I am curious about open sleeper tickets. The way I read the posts above, the ticket *must* be picked up in person at a staffed station. What if the person using it will be boarding at an unstaffed station??

Asking because I just might be doing this next winter, and my neared staffed station is, oh, about 260 miles away in Portland. I have had to explain this to Amtrak before, and they have been willing to mail me the tickets.
 
I am curious about open sleeper tickets. The way I read the posts above, the ticket *must* be picked up in person at a staffed station. What if the person using it will be boarding at an unstaffed station??

Asking because I just might be doing this next winter, and my neared staffed station is, oh, about 260 miles away in Portland. I have had to explain this to Amtrak before, and they have been willing to mail me the tickets.
Yes, you can have it mailed - if you trust the mail to arrive in time. ;)
 
I'm not sure I understand Open Sleeper tickets completely.
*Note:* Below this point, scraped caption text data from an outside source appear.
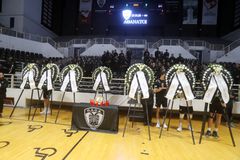 Συγκλονιστικές στιγμές στο «Παλατάκι» στη μνήμη των 7 αδικοχαμένων οπαδών του ΠΑΟΚ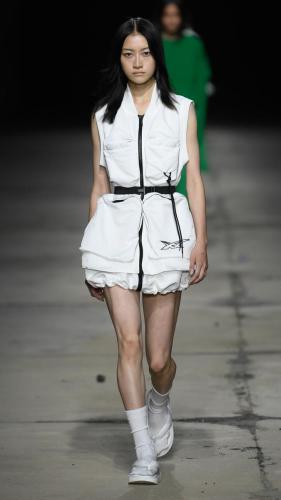 look0005
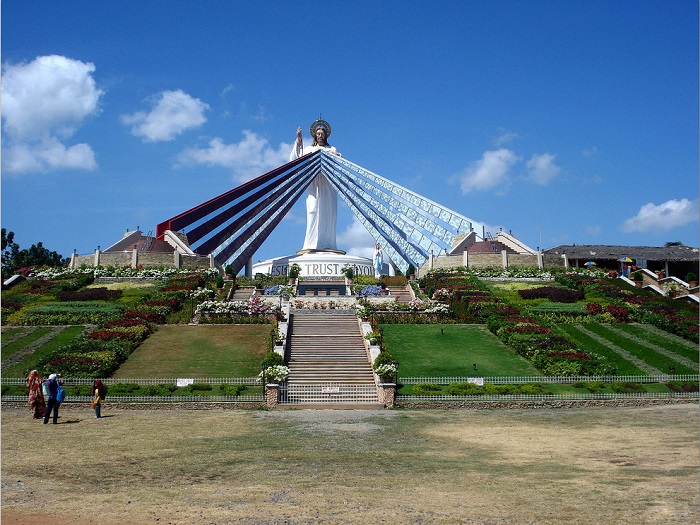https://mdw-travel-data-us-east-1.s3.amazonaws.com/img/country/Philippines/Divine-Mercy-Shrine/img_03.jpg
Do you need one for each of the additional passengers when there is more than one passenger booked for a room or roomette?

Or only when you already have a sleeper booked and want to add another passenger?
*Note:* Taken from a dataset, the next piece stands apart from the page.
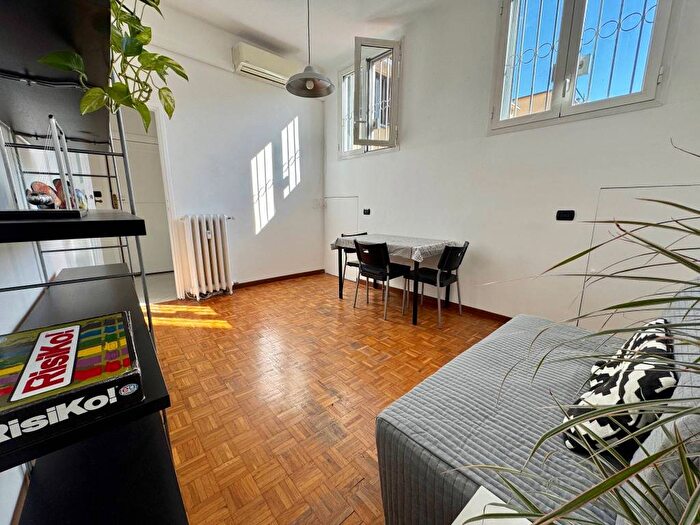 Appartamento bilocale in affitto in Via Adelaide Ristori, Indipendenza, Milano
Or is it for someone who is only traveling part way? (Example in this case, the OP is traveling from Seattle to St Paul, and his sister would be traveling from Portland to St Paul, and would join him in the sleeper in Spokane...)

Since the sister is taking the Cascades to Seattle, can he just book the sleeper for 2 people, and the sister have a separate ticket from Portland to Seattle? (The issue then would be linking the tickets so if her Cascades train is delayed, she is accommodated somehow, either on the next day's EB or some other way?)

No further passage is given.